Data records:

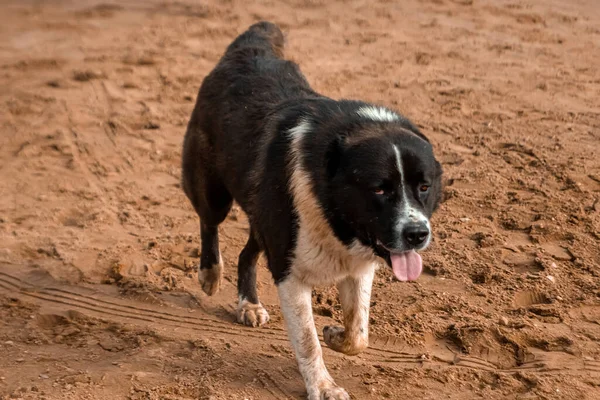 Чёрно Белая Собака Фоне Природы — стоковое фото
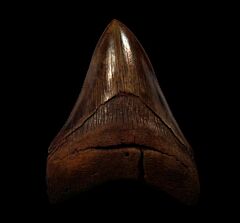 Red Virginia Otodus auriculatus tooth for sale | Buried Treasure Fossils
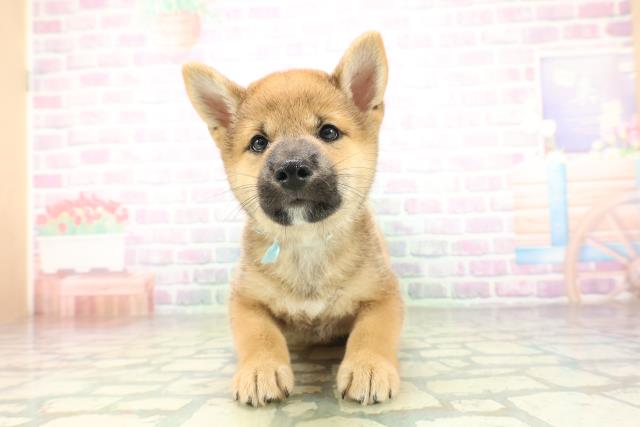 柴犬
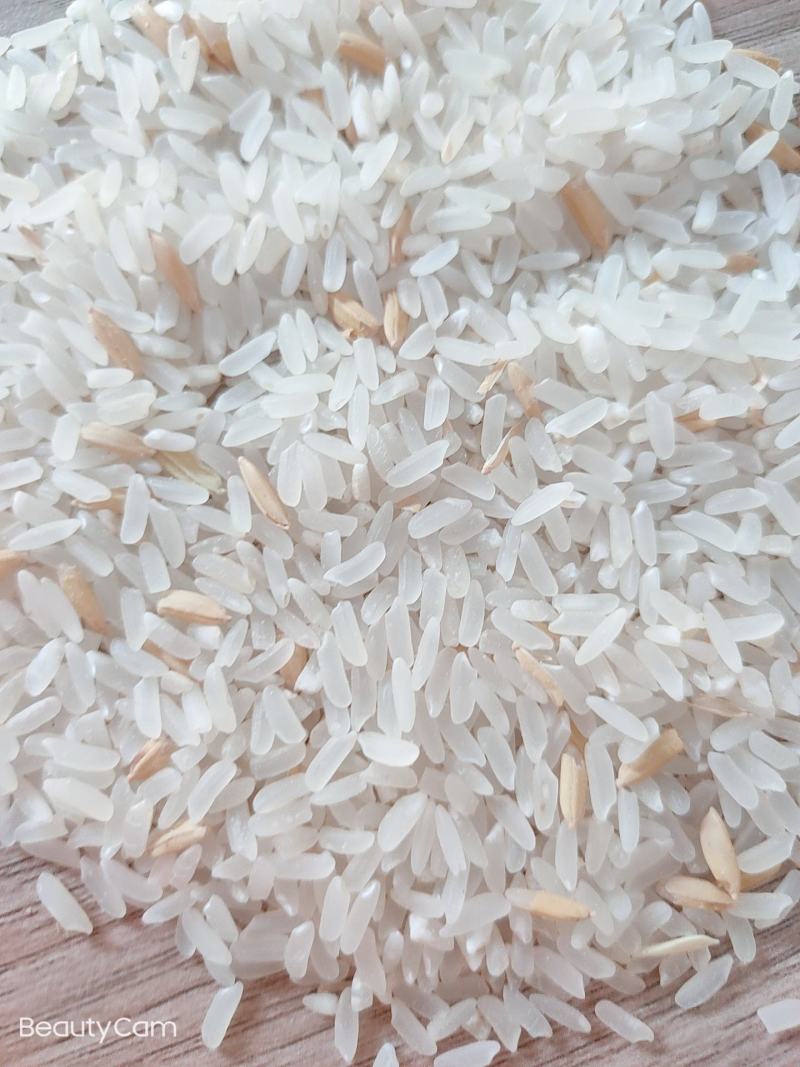 大型烘干厂大量上市稻谷
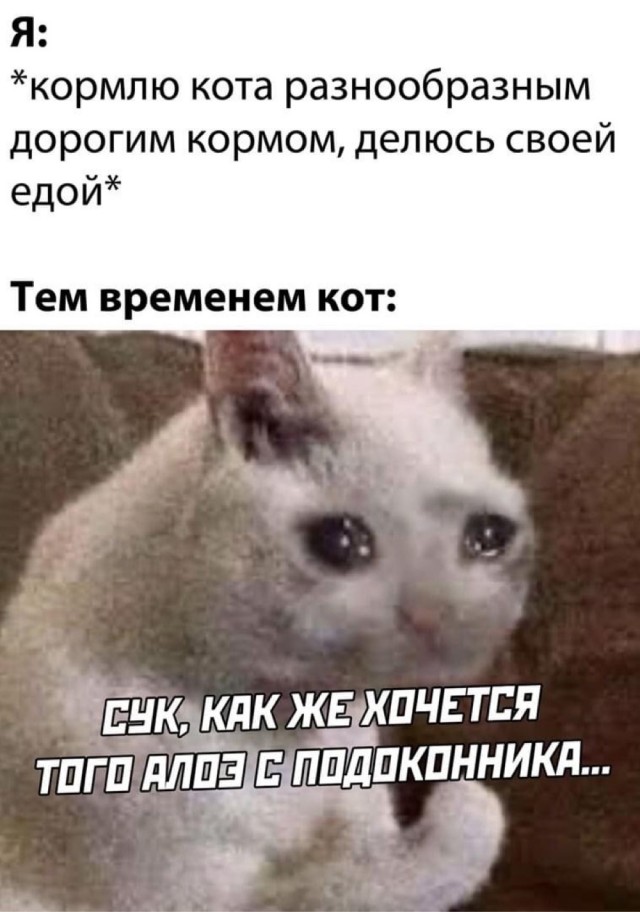 Веселые картинки.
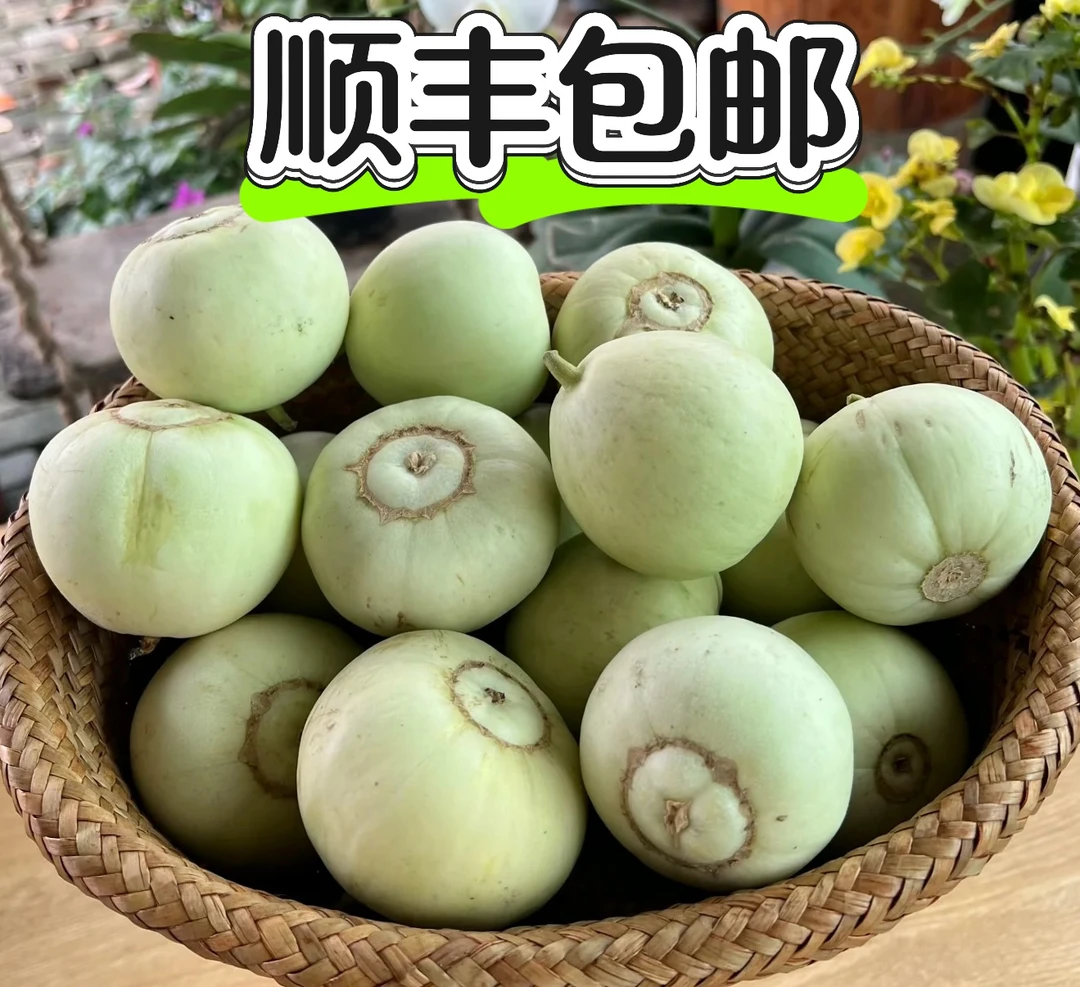 现摘现发湖南农家香瓜瓤脆如蜜邂逅高山露天应季水果【贵在快递】
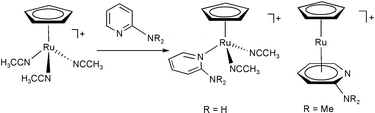 Graphical abstract: Some binding modes of 2-aminopyridine to ruthenium(ii) fragments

» GOAL OF THE EXERCISE
Word for word, repeat only the lines from the line containing "大型烘干厂大量上市稻谷" through the end of the data, without any pictures.

» RESULT FOR THIS EXERCISE
 大型烘干厂大量上市稻谷
 Веселые картинки.
 现摘现发湖南农家香瓜瓤脆如蜜邂逅高山露天应季水果【贵在快递】
 Graphical abstract: Some binding modes of 2-aminopyridine to ruthenium(ii) fragments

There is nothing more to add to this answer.